Repository files navigation

stdflow

Data flow tool that transform your notebooks and python files into pipeline steps by standardizing the data input / output. (for data science projects)

Create clean data flow pipelines just by replacing your pd.read_csv() and df.to_csv() by sf.load() and sf.save().

Documentation

Install

pip install stdflow

How to use

Pipelines

from stdflow import StepRunner
from stdflow.pipeline import Pipeline

# Pipeline with 2 steps

dm = "../demo_project/notebooks/"

ingestion_ppl = Pipeline([
    StepRunner(dm + "01_ingestion/countries.ipynb"), 
    StepRunner(dm + "01_ingestion/world_happiness.ipynb")
])

# === OR ===
ingestion_ppl = Pipeline(
    StepRunner(dm + "01_ingestion/countries.ipynb"), 
    StepRunner(dm + "01_ingestion/world_happiness.ipynb")
)

# === OR ===
ingestion_ppl = Pipeline()

ingestion_ppl.add_step(StepRunner(dm + "01_ingestion/countries.ipynb"))
# OR
ingestion_ppl.add_step(dm + "01_ingestion/world_happiness.ipynb")


ingestion_ppl
================================
            PIPELINE            
================================

STEP 1
    path: ../demo_project/notebooks/01_ingestion/countries.ipynb
    vars: {}

STEP 2
    path: ../demo_project/notebooks/01_ingestion/world_happiness.ipynb
    vars: {}

================================

Run the pipeline

ingestion_ppl.run(verbose=True, kernel=":any_available")
=================================================================================
    01.                ../demo_project/notebooks/01_ingestion/countries.ipynb
=================================================================================
Variables: {}
using kernel:  python3
    Path: ../demo_project/notebooks/01_ingestion/countries.ipynb
    Duration: 0 days 00:00:00.603051
    Env: {}
Notebook executed successfully.


=================================================================================
    02.          ../demo_project/notebooks/01_ingestion/world_happiness.ipynb
=================================================================================
Variables: {}
using kernel:  python3
    Path: ../demo_project/notebooks/01_ingestion/world_happiness.ipynb
    Duration: 0 days 00:00:00.644909
    Env: {}
Notebook executed successfully.

Load and save data

Option 1: Specify All Parameters

import stdflow as sf
import pandas as pd


# load data from ../demo_project/data/countries/step_loaded/v_202309212245/countries.csv
df = sf.load(
   root="../demo_project/data/",
   attrs=['countries'],
   step='created',
   version=':last',  # loads last version in alphanumeric order
   file_name='countries.csv',
   method=pd.read_csv,  # or method='csv'
   verbose=False,
)

# export data to ./data/raw/twitter/france/step_processed/v_1/countries.csv
sf.save(
   df,
   root="../demo_project/data/",
   attrs='countries/',
   step='loaded',
   version='%Y-03',  # creates v_2023-03
   file_name='countries.csv',
   method=pd.DataFrame.to_csv,  # or method='csv'  or any function that takes the object to export as first input
)
attrs=countries/::step_name=loaded::version=2023-03::file_name=countries.csv

Each time you perform a save, a metadata.json file is created in the folder. This keeps track of how your data was created and other information.

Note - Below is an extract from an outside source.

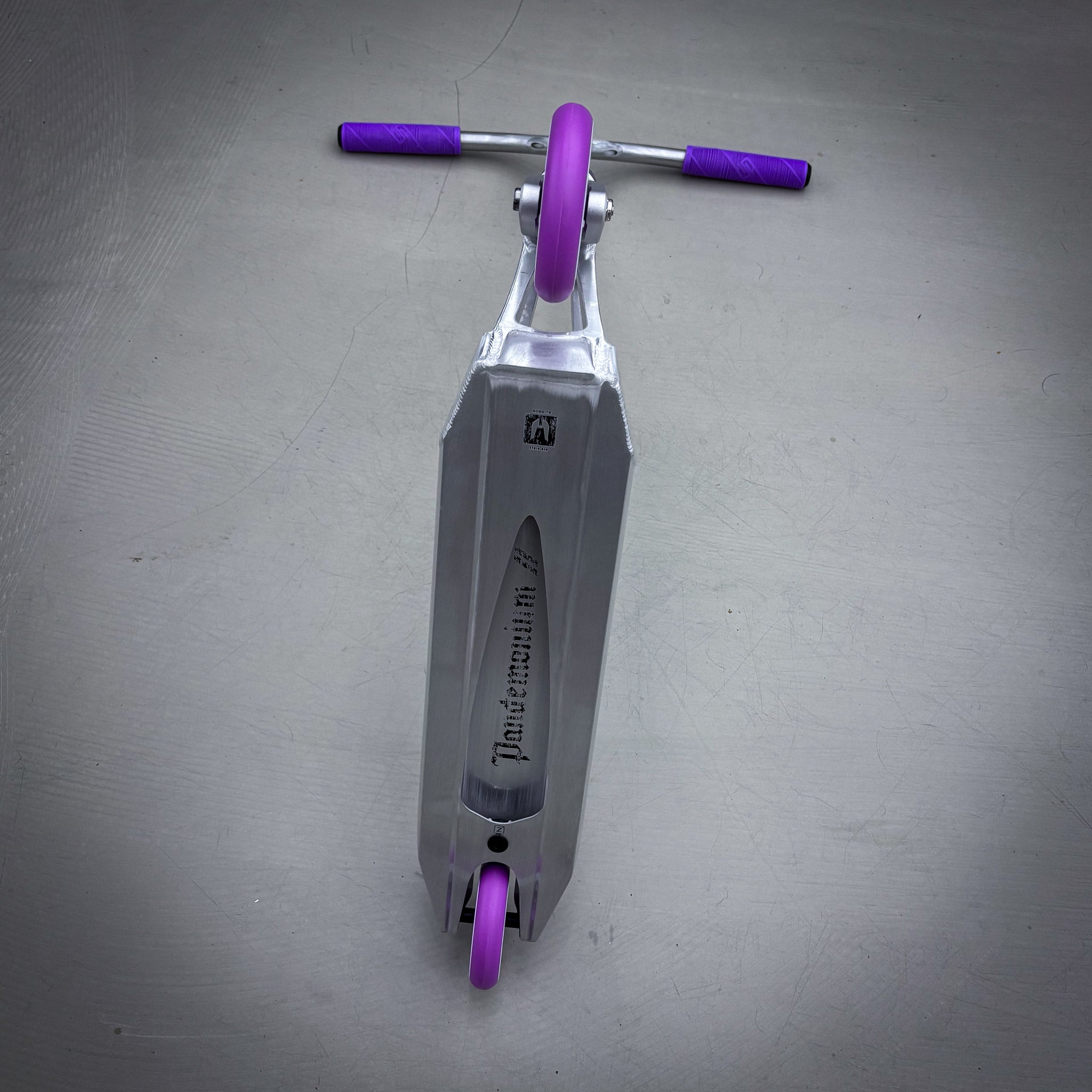 Striker Ethic Silver/Purple 500 Custom Build - Czarny/Fioletowy- ScootWorld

Option 2: Use default variables

import stdflow as sf
sf.reset()  # used when multiple steps are done with the same Step object (not recommended). see below

# use package level default values
sf.root = "../demo_project/data/"
sf.attrs = 'countries'  # if needed use attrs_in and attrs_out
sf.step_in = 'loaded'
sf.step_out = 'formatted'

df = sf.load()
# ! root / attrs / step : used from default values set above
# ! version : the last version was automatically used. default: ":last"
# ! file_name : the file, alone in the folder, was automatically found
# ! method : was automatically used from the file extension

sf.save(df)
# ! root / attrs / step : used from default values set above
# ! version: used default %Y%m%d%H%M format
# ! file_name: used from the input (because only one file)
# ! method : inferred from file name
attrs=countries::step_name=formatted::version=202310101716::file_name=countries.csv

Note that everything we did at package level can be done with the Step class When you have multiple steps in a notebook, you can create one Step object per step. stdflow (sf) at package level is a singleton instance of Step.

from stdflow import Step

step = Step(
    root="../demo_project/data/",
    attrs='countries',
    step_in='formatted',
    step_out='pre_processed'
)
# or set after
step.root = "../demo_project/data/"
# ...

df = step.load(version=':last', file_name=":auto", verbose=True)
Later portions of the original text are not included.